Job Market Paper
Learning About The Macroeconomy Through Mortgages: Evidence from Natural Experiment
Household beliefs about the macroeconomy play a central role in the transmission of monetary policy. I study how rising interest rates affect mortgage borrowers’ macroeconomic beliefs, using detailed Finnish data that link administrative mortgage records with survey-based beliefs. The sharp increase in the 12-month Euribor in 2022 provides two sources of exogenous variation: a general rise in market rates and the household-specific timing of mortgage payment adjustments. Despite facing the same macroeconomic shock, I find that after rates rise mortgage borrowers become more pessimistic about general borrowing conditions, and they predict lower inflation than homeowners without mortgages. These shifts are driven by two complementary mechanisms: an attention-based mechanism, where holding a mortgage creates stronger incentives to follow macroeconomic developments, and an experience-based mechanism, where households extrapolate from their own higher mortgage payments to the general borrowing environment. Mortgage borrowers’ forecasts about inflation become more accurate relative to homeowners without mortgages after the Euribor increase, indicating that monetary policy shapes macroeconomic expectations through the adjustable-rate loan channel and improves the accuracy of household beliefs.
Publications:
The Indirect Effect of mRNA-based COVID-19 Vaccination on Healthcare Workers’ Unvaccinated Household Members In Nature Communications (2022) 13:1162 with M.Hagg, M. Kortelainen, T. Leino, T. Saxell, M. Siikanen & L. Sääksvuori
Working Papers:
Unexpected vs. Expected Worsening: The Role of Expectations in Household Financial Distress
Abstract:
This paper examines the role of expectations in shaping household financial outcomes when their financial situation deteriorates. Using linked Finnish household survey and administrative data from 2007 to 2018, I find that financial distress increases when a household’s financial situation worsens, regardless of whether the decline was anticipated. Contrary to standard economic intuition, expecting a deterioration does not significantly reduce the likelihood of financial distress compared with an unexpected decline. To shed light on this result, I examine potential mechanisms and find that consumption commitments—such as housing costs—play a key role. When a household has high consumption commitments relative to income, it is more likely to experience financial distress during periods of worsening financial conditions than when those commitments are low. These findings suggest that the ability to anticipate financial difficulties does not necessarily translate into better financial resilience.
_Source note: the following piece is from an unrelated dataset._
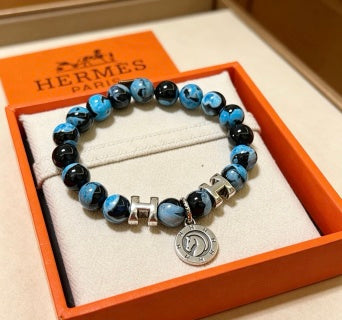 Hermès Azure Obsidian Bead Medallion Bracelet
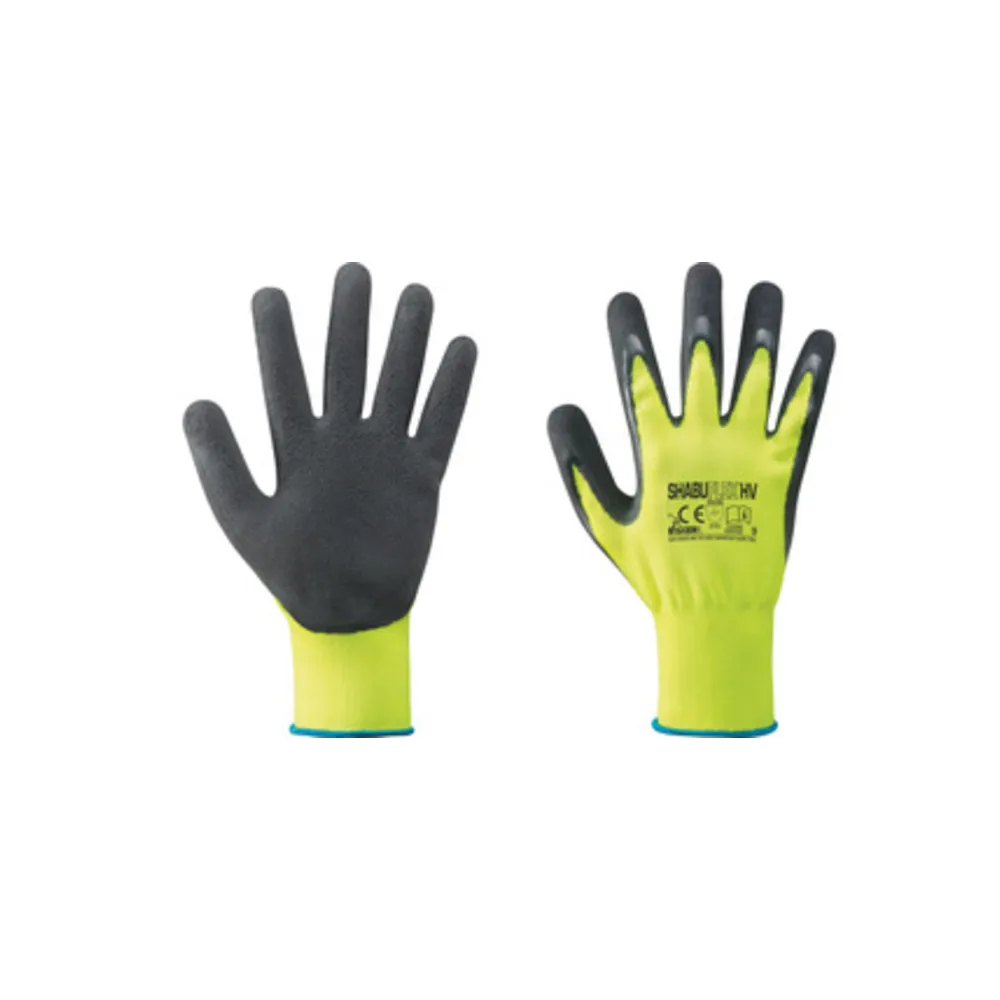 GUANTI NYLON/LATTICE GIALLO FLUO/NERO TG.10 (12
Dividend taxation, firms' financial decisions, and firm survival with J. Harju, J. Pirttilä and H. Selin
Abstract:
This paper examines the impacts of dividend tax changes on firm performance, utilizing quasi-experimental variation created by the Finnish corporate and dividend tax reform of 2005. Using a difference-in-differences design comparing firms with a dividend tax increase with firms facing little change in the tax burden, we find that the reform led to a clear reduction of dividend payouts among the companies facing the tax increase, without affecting the real economic behaviour (investments or value added). We also investigate the consequences of the reform on firm resilience amid the financial crisis of 2008-2009, but find no difference in firms' survival probabilities depending on their tax treatment.